Dad, 10 years later: A tribute

I have written several times in the past about the political volunteer work of my father, Haywood H. Hillyer III, a onetime Republican national committeeman who died 10 years ago today. I’ve avoided the usual encomiums to the sorts of things that mark father-son relationships, thinking them irrelevant for national publications.

But, 10 years later, the passage of time crystallizes some memories in a way that may be of interest. I’m not exactly sure, as I write this, where this little essay is going, but please bear with me.

Dad was a builder of the Republican Party and the conservative movement and a congressional district chairman for Ronald Reagan; he was a lawyer who served in key positions for several Bar associations; he was a champion regional sailor; he was a great aficionado of traditional New Orleans jazz known and appreciated by many of those musicians, black and white; an expert Cajun dancer; and a quiet, thoughtful, even-tempered man, with the exception of when his competitive nature suddenly erupted (rather humorously, not frighteningly) in sailing races or bridge (cards) matches in which he just couldn’t understand why some people’s minds didn’t work at the warp speed of his own.

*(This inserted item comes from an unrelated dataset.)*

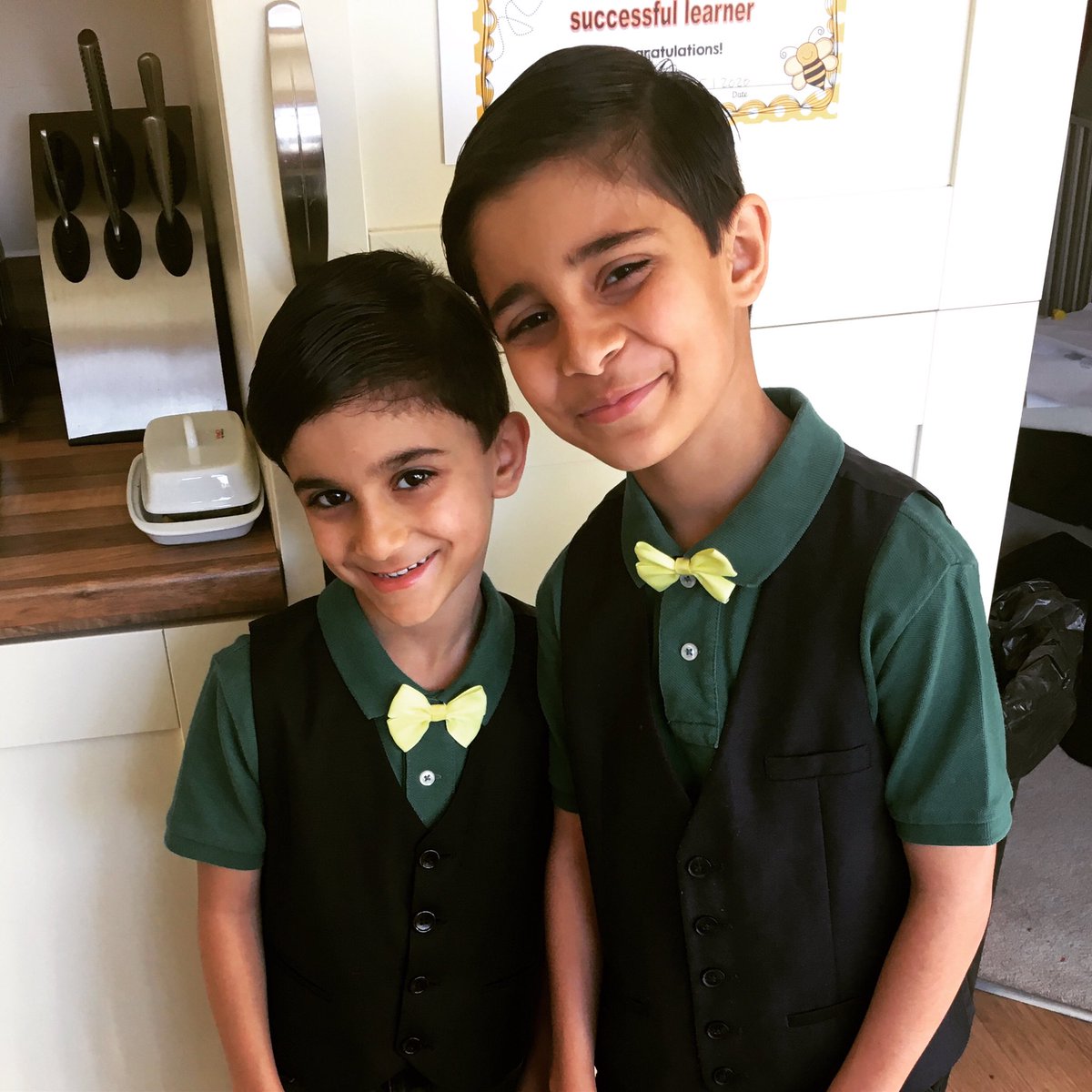 Looking smart for home schooling. @bows_bowtique_ltd still rocking their bow ties with @ralphlauren T-shirt’s and waistcoat #smart #handsomeboys #homeschoolinglife  #stayathomestaysafe @TunstallPrimary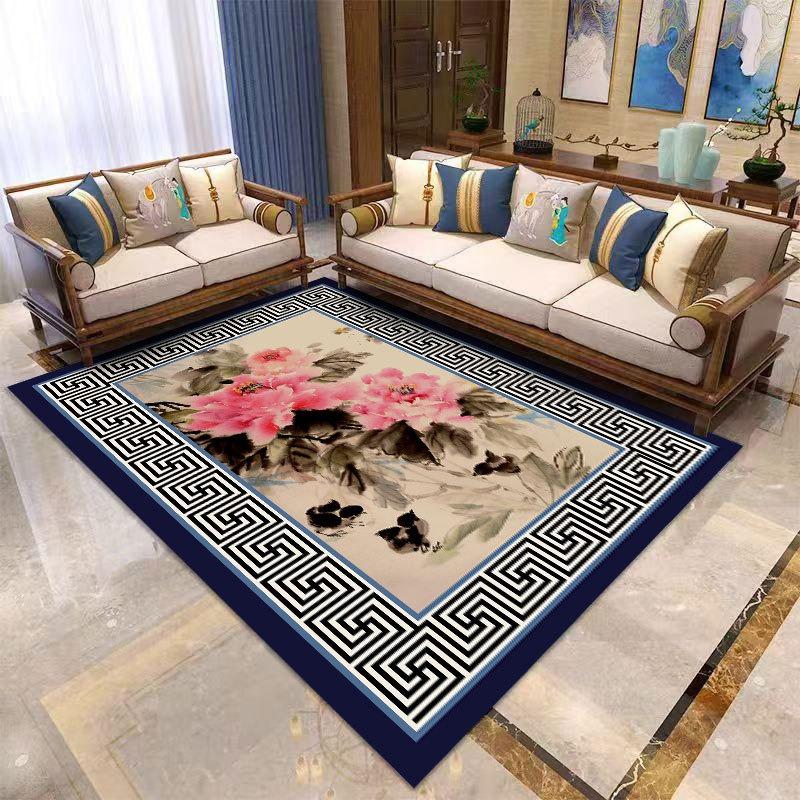 Retro Chinesischer Stil Blume Teppich Wohnzimmer Sofa Schlafzimmer Arbeitszimmer Badezimmer Eingangstürmatte Rutschfest Leichter Luxus Heimdekor Teppich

He was not a big man, just 5 feet and 8 3/4 inches (he really wanted that extra quarter inch), but he had a quietly fierce courage of his convictions and rigorous ethical code that drew praise from a governor and a Republican state chairman, among others. He empathized with people down on their luck and donated valuable professional services for hundreds of hours to people who couldn’t afford to pay.

But as a father, what stands out in my mind is our shared love of sports. When I failed miserably as a 7-year-old in Little League baseball, he said it didn’t matter. But when I insisted I wanted to get better, he collected about a hundred dead tennis balls, took me to an intramural diamond on the nearby Tulane University campus, and pitched batting practice to me until his arm seemed about to fall off. He never, ever pushed me, but he always was ready if I wanted to push myself. It was because of his patience (and rubber arm) that, the next summer, I made the league All-Star team.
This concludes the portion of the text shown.